### How to complete this task
Pictures do not belong in the copy; quote every entry below exactly.

### Supplied data
● ● ●

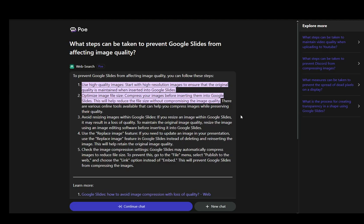Hey everybody, what is going on? I hope you guys are all doing well and welcome to another tutorial video. In this video, I'll be covering some suggestions on how you can make your images in Google Slides of a higher quality. So let's get right into it.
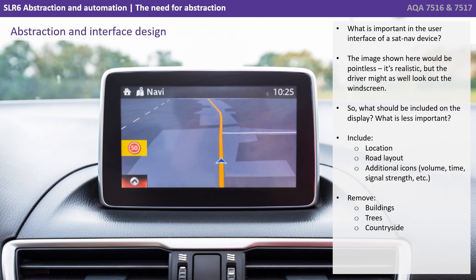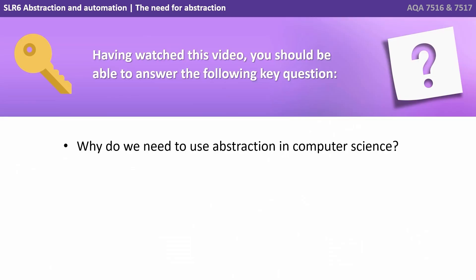Well, we want to include and highlight things like the location, the road layout, and additional icons such as volume, time, and maybe the signal strength. But we can remove things like the buildings, the trees, the countryside. Having watched this video, you should be able to answer the following key question: why do we need to use abstraction in computer science?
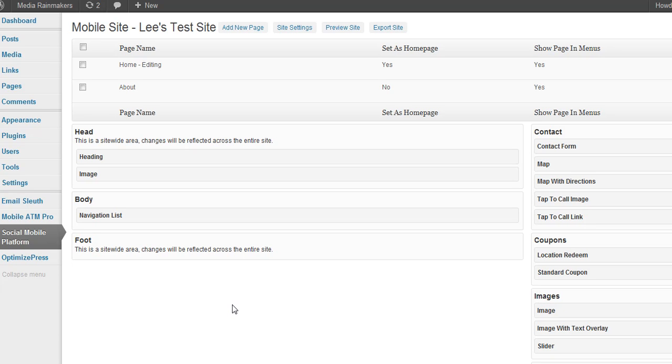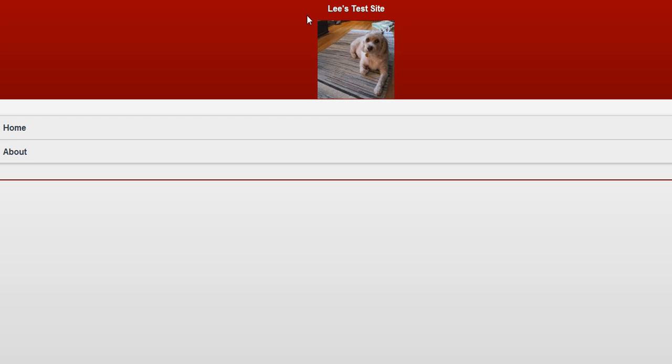Hey Lee again. So now we're going to talk about the image with text overlay. I'm going to put that in the body. So basically put that right here.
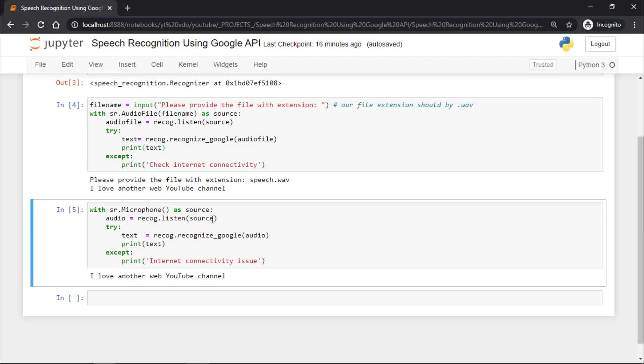So that's all for this lecture, and don't forget to grab your source code from the description. Thank you. See you in the next lecture.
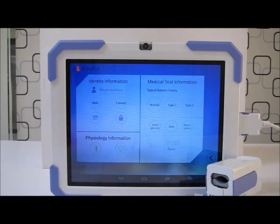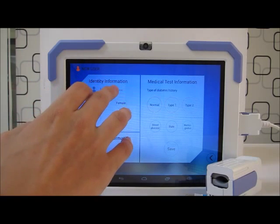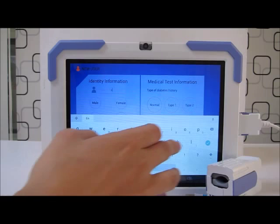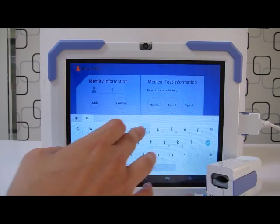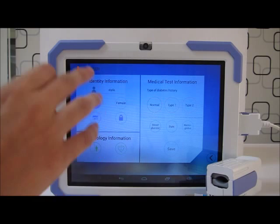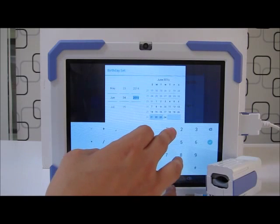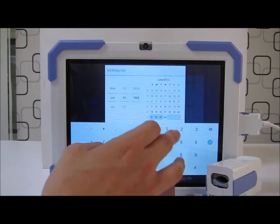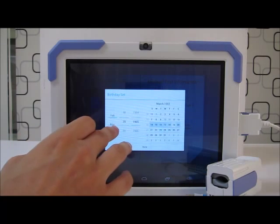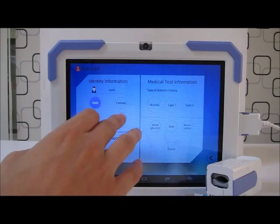To insert all the information accurately for the result to be more accurate. So I will input my name, my gender, my birth year, my height and weight.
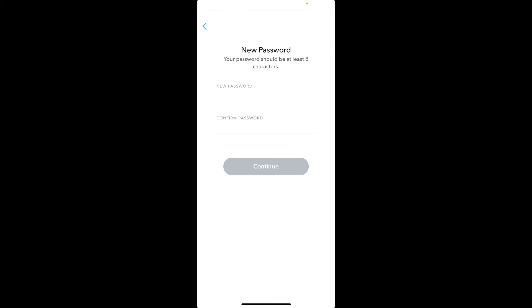Make sure both of the passwords in the text boxes match. Your password should be at least eight characters long, and you can also include letters and numbers in your password. After setting a password for yourself, tap the continue button.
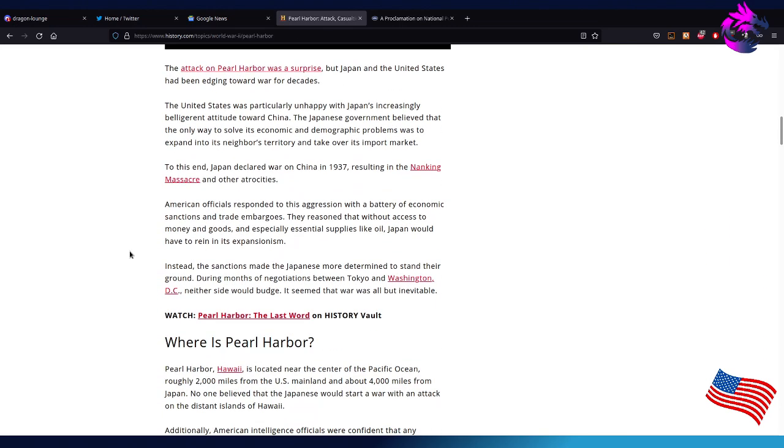The attack on Pearl Harbor was a surprise, but Japan and the United States had been edging towards war for decades. The United States was particularly unhappy with Japan's increasing belligerent attitude towards China. The Japanese government believed that the only way to solve its economic and demographic problems was to expand into its neighbor's territory and take over the import market.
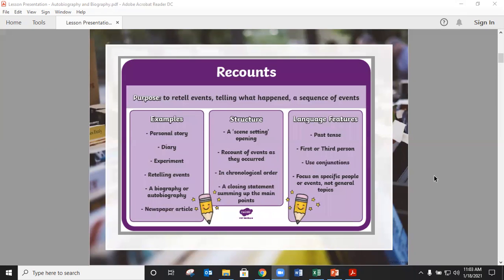We've already covered newspaper articles earlier in the year and now we're going to be looking at doing biographies. The structure of a recount first sets the scene, so we have our opening or introduction paragraph. Then it recounts events as they occurred in chronological order, and then we also have a closing statement which sums up the main points of our text.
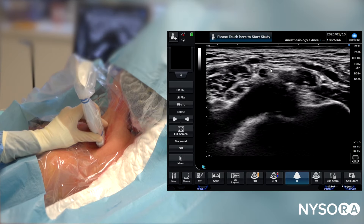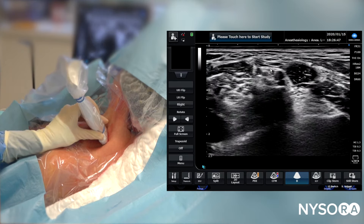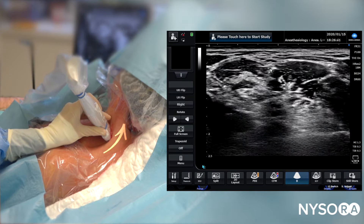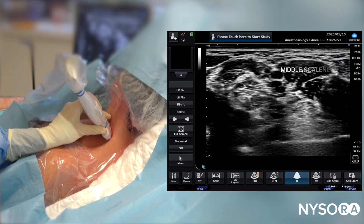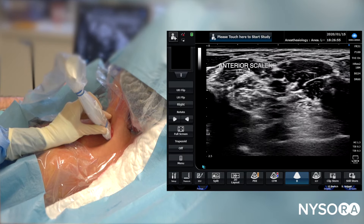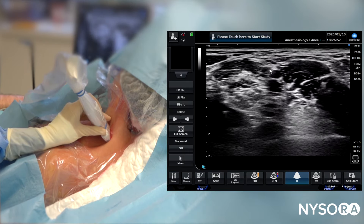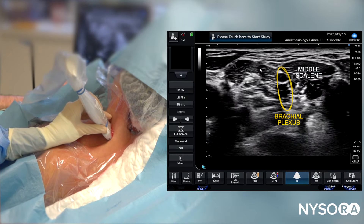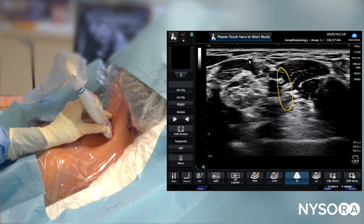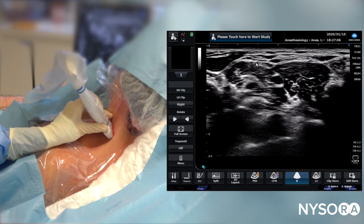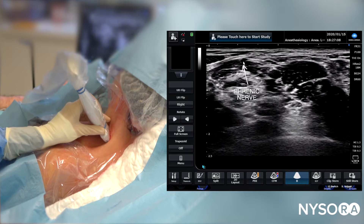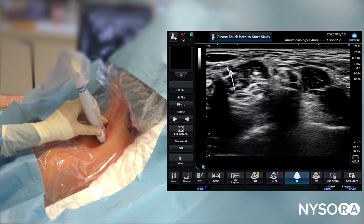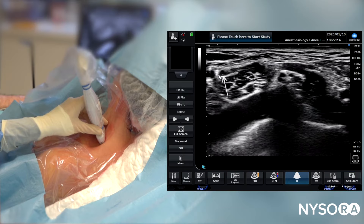We can decrease the depth a bit more to get a bit more granularity. Now we're going to advance the probe proximally. As we advance the probe proximally, we see the middle scalene muscle, anterior scalene muscle, and the elements of the brachial plexus sandwiched between the middle and anterior scalene muscles. Here is likely the phrenic nerve, which moves underneath the fascia of the anterior scalene muscle.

● ● ●

### Reply
Hey everybody, what is going on? I hope you guys are all doing well and welcome to another tutorial video. In this video, I'll be covering some suggestions on how you can make your images in Google Slides of a higher quality. So let's get right into it.
Well, we want to include and highlight things like the location, the road layout, and additional icons such as volume, time, and maybe the signal strength. But we can remove things like the buildings, the trees, the countryside. Having watched this video, you should be able to answer the following key question: why do we need to use abstraction in computer science?
Hey Lee again. So now we're going to talk about the image with text overlay. I'm going to put that in the body. So basically put that right here.
So that's all for this lecture, and don't forget to grab your source code from the description. Thank you. See you in the next lecture.
To insert all the information accurately for the result to be more accurate. So I will input my name, my gender, my birth year, my height and weight.
Make sure both of the passwords in the text boxes match. Your password should be at least eight characters long, and you can also include letters and numbers in your password. After setting a password for yourself, tap the continue button.
The attack on Pearl Harbor was a surprise, but Japan and the United States had been edging towards war for decades. The United States was particularly unhappy with Japan's increasing belligerent attitude towards China. The Japanese government believed that the only way to solve its economic and demographic problems was to expand into its neighbor's territory and take over the import market.
We've already covered newspaper articles earlier in the year and now we're going to be looking at doing biographies. The structure of a recount first sets the scene, so we have our opening or introduction paragraph. Then it recounts events as they occurred in chronological order, and then we also have a closing statement which sums up the main points of our text.
We can decrease the depth a bit more to get a bit more granularity. Now we're going to advance the probe proximally. As we advance the probe proximally, we see the middle scalene muscle, anterior scalene muscle, and the elements of the brachial plexus sandwiched between the middle and anterior scalene muscles. Here is likely the phrenic nerve, which moves underneath the fascia of the anterior scalene muscle.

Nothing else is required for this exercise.